Keeping pictures out, repeat the lines of the listing below exactly, starting at its first line and finishing with the one that holds "34 Jacana Crescent, Flinders View QLD 4305".
*** Opening of Records shown ***
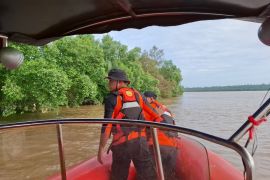 Tim SAR masih cari anak perempuan diterkam buaya  di Berau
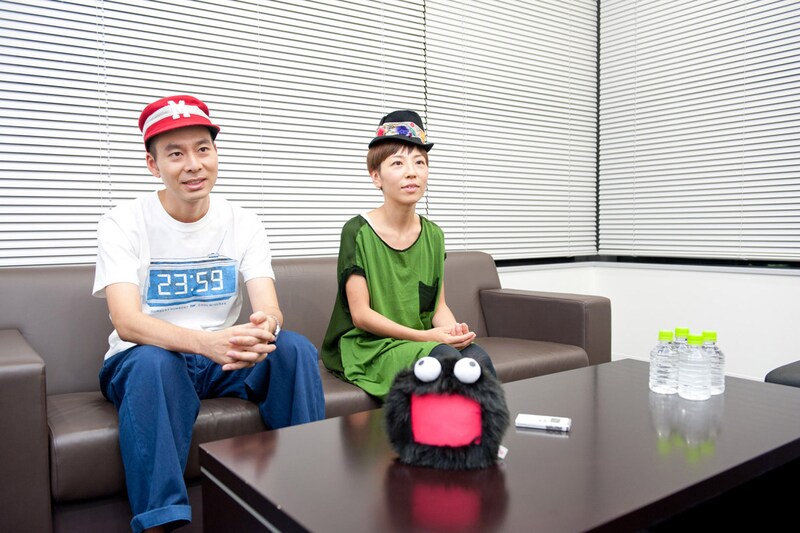 やついいちろうと対談するハンバート ハンバート。左から佐藤良成(G, Violin, Vo)、佐野遊穂(Vo, Harmonica)。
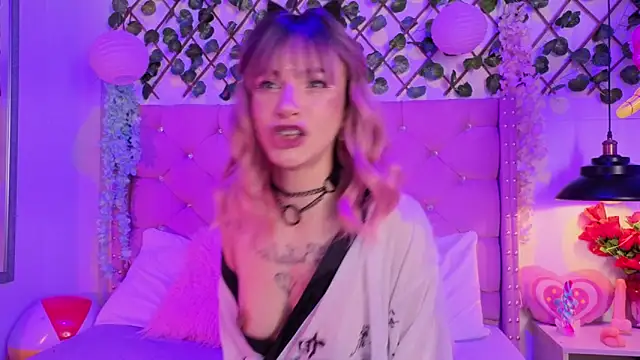 Snapshot of lauren_evans96 chatting on 11.11.25 lauren evans96 online show from 11.11.25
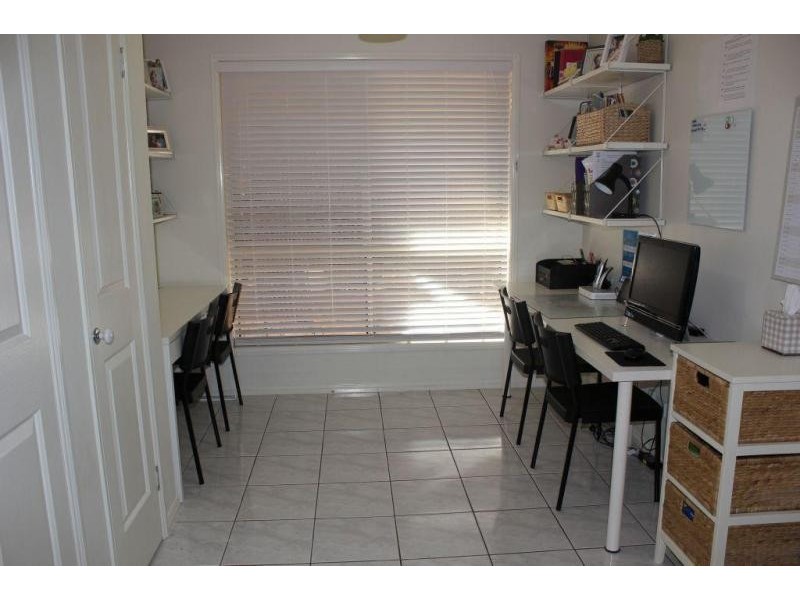 34 Jacana Crescent, Flinders View QLD 4305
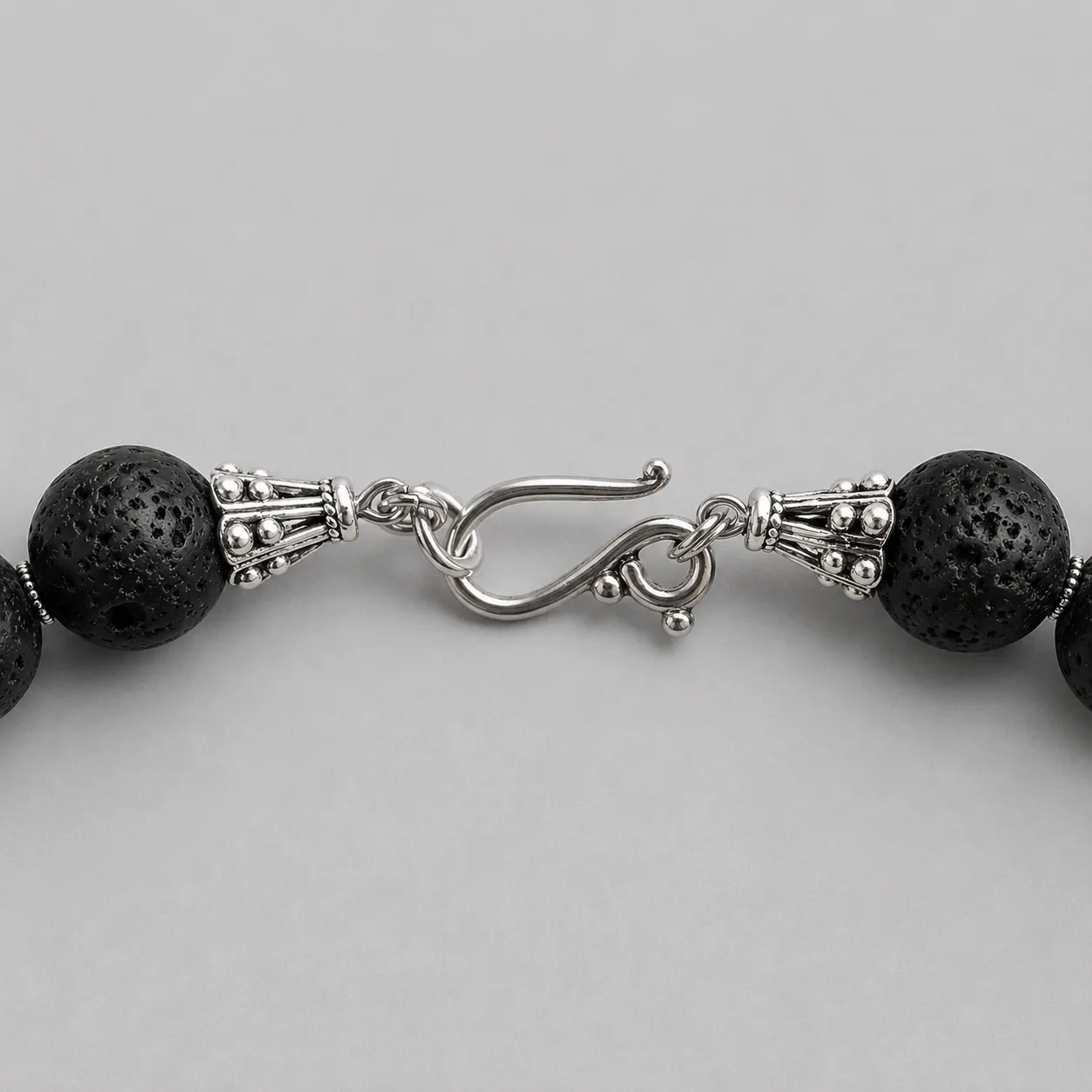 moss & ash – serpentine and lava stone necklace (10) xnc moss & ash – serpentine and lava stone necklace (10) xnc
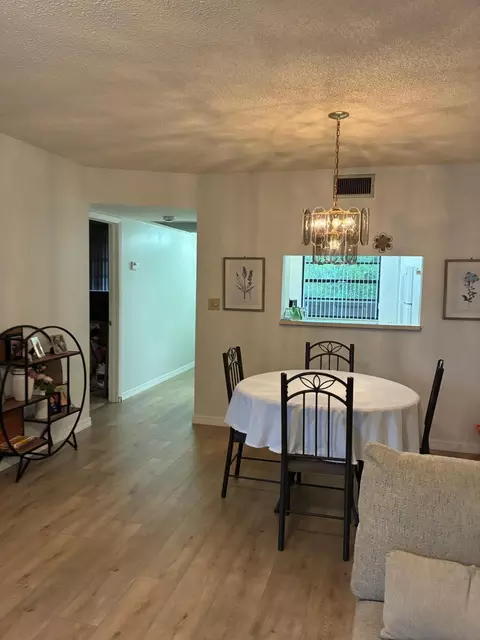 1000 Colony Point Cir #404, Pembroke Pines, FL 33026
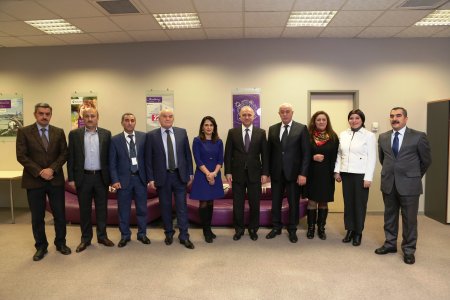 Azercell şirkətdə 20 il çalışan işçilərini mükafatlandırdı Azercell şirkətdə 20 il çalışan işçilərini mükafatlandırdı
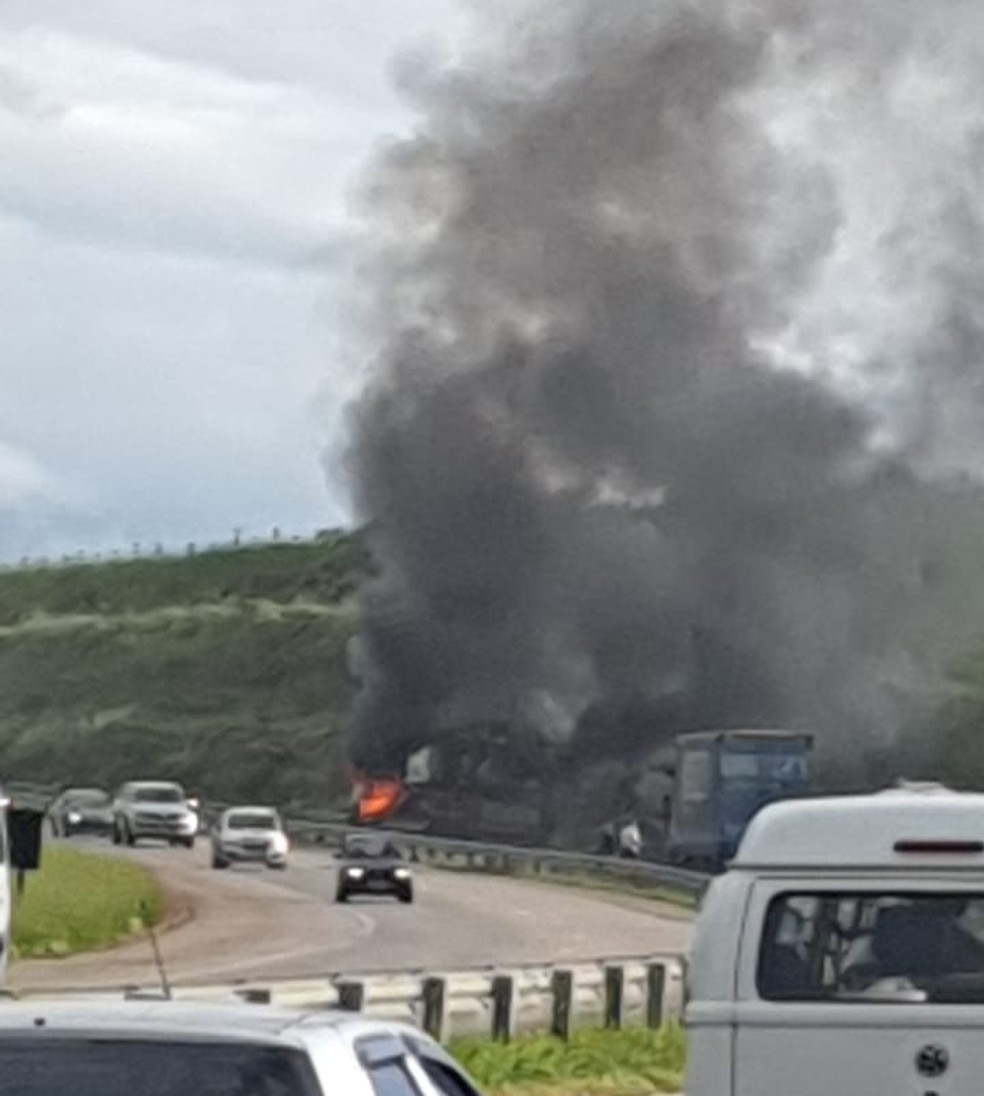 Motorista de carreta informou que pneu estourou antes de carreta pegar fogo, em anel viário de Piracicaba — Foto: Redes sociais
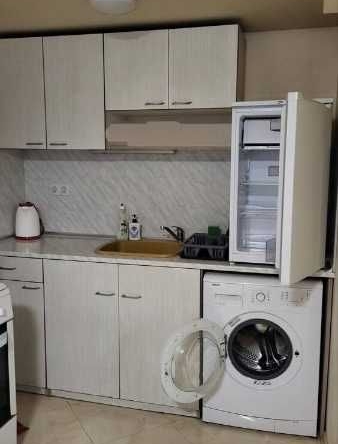 Дава се под наем Едностаен апартамент в Пловдив, Център - 26 кв.м за 220 € - Снимка #1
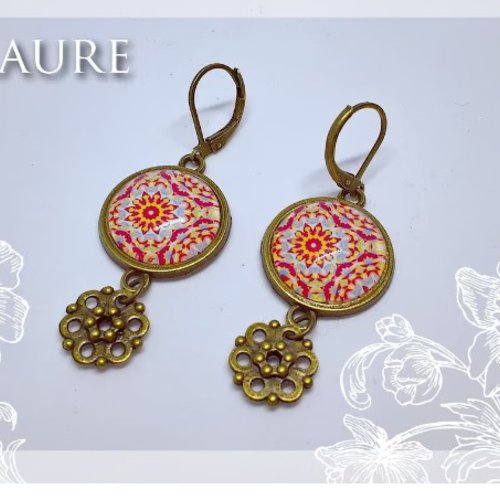Boucles d'oreille bronze et cabochons "fleurs"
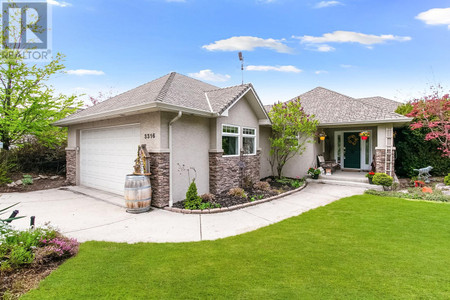 3316 Ridge Boulevard, Kelowna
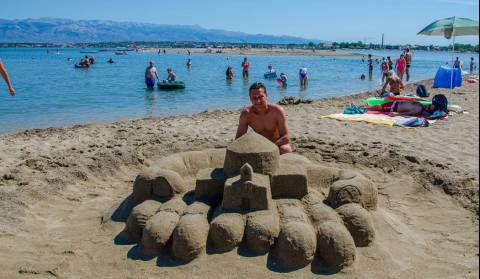 Završena 5. Fešta od sabuna na pješčanim plažama kraljevskog Nina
*** Close of Records shown ***
Answer box
 Tim SAR masih cari anak perempuan diterkam buaya  di Berau
 やついいちろうと対談するハンバート ハンバート。左から佐藤良成(G, Violin, Vo)、佐野遊穂(Vo, Harmonica)。
 Snapshot of lauren_evans96 chatting on 11.11.25 lauren evans96 online show from 11.11.25
 34 Jacana Crescent, Flinders View QLD 4305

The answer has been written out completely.